Summerall struggled for some time with the idea that someone— Adron—had to die for him to live. Why did this have to be? The answer, which came from his local pastor, was “because God’s not through with you yet.”
Today’s Men and Women
The roles of men and women are under close inspection these days with a focus on revelations of men taking sexual advantage of women, not a new subject, of course, but under more serious scrutiny.
But there appears to be a more serious attempt to explain these behaviors and what to do something about it.
Dr.

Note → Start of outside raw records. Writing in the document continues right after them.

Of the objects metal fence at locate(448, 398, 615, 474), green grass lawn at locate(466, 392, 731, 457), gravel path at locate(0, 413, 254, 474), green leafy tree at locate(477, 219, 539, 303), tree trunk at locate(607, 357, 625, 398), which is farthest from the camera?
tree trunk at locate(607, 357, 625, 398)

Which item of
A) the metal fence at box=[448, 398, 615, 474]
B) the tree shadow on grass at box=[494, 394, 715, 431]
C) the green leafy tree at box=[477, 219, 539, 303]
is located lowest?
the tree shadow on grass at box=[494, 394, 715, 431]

Robert Lewis, a founder, with Bill Parkinson and Bill Wellons, of Little Rock’s Fellowship Bible Church and the international Men’s Fraternity, has this to say about the wounds that contribute to the unacceptable behaviors of men.

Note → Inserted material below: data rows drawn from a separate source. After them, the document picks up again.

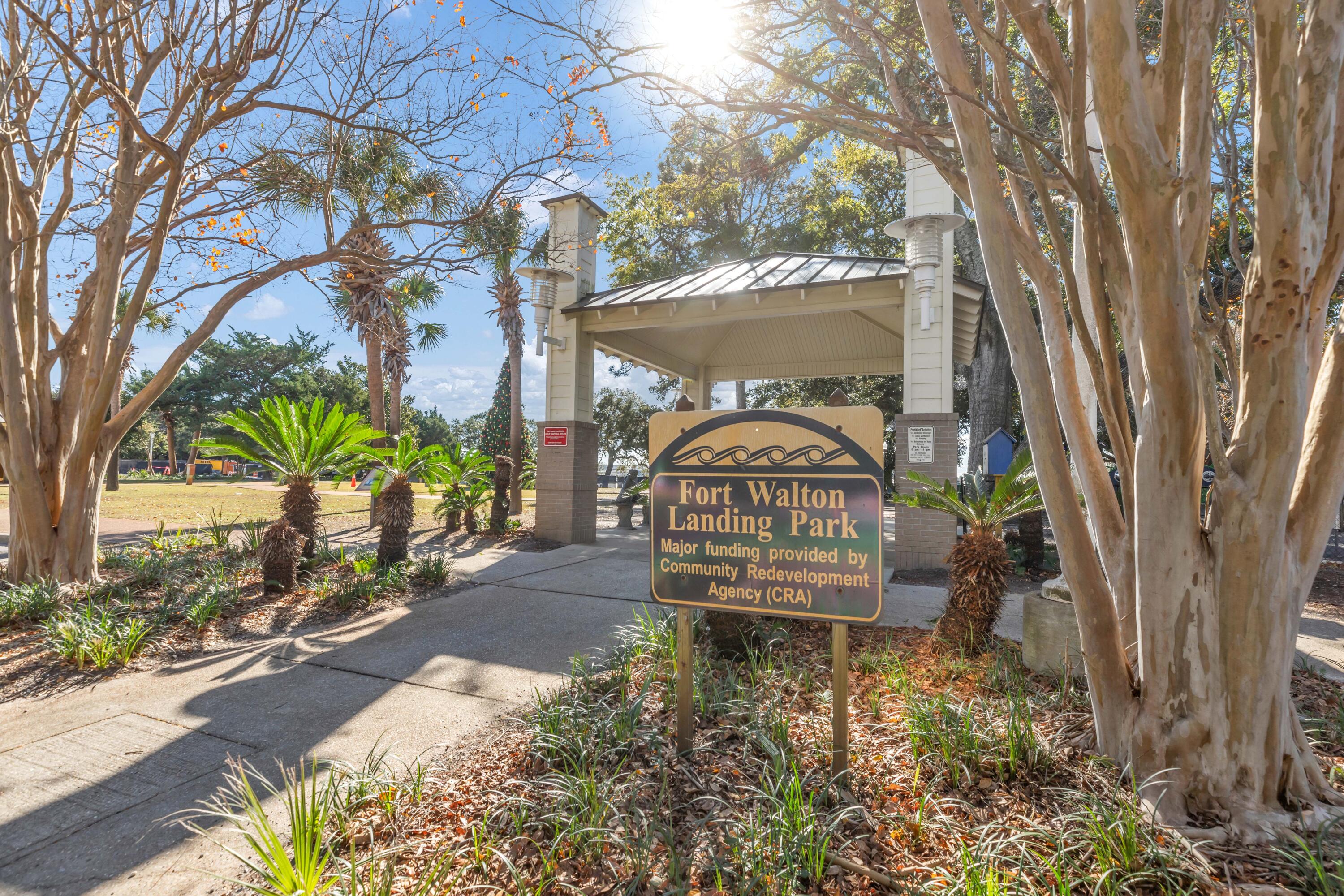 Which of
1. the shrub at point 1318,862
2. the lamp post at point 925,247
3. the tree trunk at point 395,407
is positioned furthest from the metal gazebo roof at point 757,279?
the tree trunk at point 395,407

“Physical wounds,” he writes, “leave physical scars, but the deepest wounds of a man’s life are not physical but are instead wounds of the soul.
“Circumstances growing up such as an absent dad or an overly controlling mom, the divorce of parents, bad choices and hurtful things that can mark a man deeply.
“Many times these wounds do not heal because our natural instinct, as men, is to pretend that the wounds are not there. We try to cover them and move on.
“But the reality is that unaddressed wounds become unfinished business. We hedge, dodge and compensate until our whole way of living life is shaped by the wounds.
“There is no such thing as a self made man. To become a real man you need the help of other men—men you can be transparent with who will hold you accountable and help you process your past. And remember, you are not alone. You may think you are, but you’re not. The fact is many men share a similar past. The issues you must deal with are the same issues many other men are dealing with.
Last month close to 50 men listened in a Little Rock conference room as Dr. Lewis talked about what he said were some of the challenges men face in today’s culture.
Manhood is in a state of confusion said Lewis, 68, the former lead pastor at Little Rock’s Fellowship Bible church.
“We have lived for basically the last 30 years in what I call high-octane times, and a lot of that change has kind of swept men off their feet.”
Those in the audience were there to hear Lewis speak and also to gather tips on how to lead because each of them will lead a group of men for a 10 week series, “Man to Man,” which Lewis described as a “journey into modern manhood.”
Manhood is hard to define, Lewis said, in part because many men have adhered to popular culture’s representation as the only version.
“The man of my generation was (actor) John Wayne, but the man of the next generation is (rapper) l’il Wayne.”
Presented to the public in the fall of 2016, Man to Man is an outgrowth of Men’s Fraternity an international video series curriculum Lewis designed and first presented in 1990 at Fellowship Bible Church that teaches men how to “live lives of authentic manhood as modeled by Jesus Christ and directed by the word of God.
“A real man rejects passivity, accepts responsibility, leads courageously and expects the greater reward—God’s reward.
Bottom line?
“We’re just trying to create a generation of guys, who, by investing in them, won’t be perfect but a little bit better. Men who are just a little bit better do a whole lot of good.”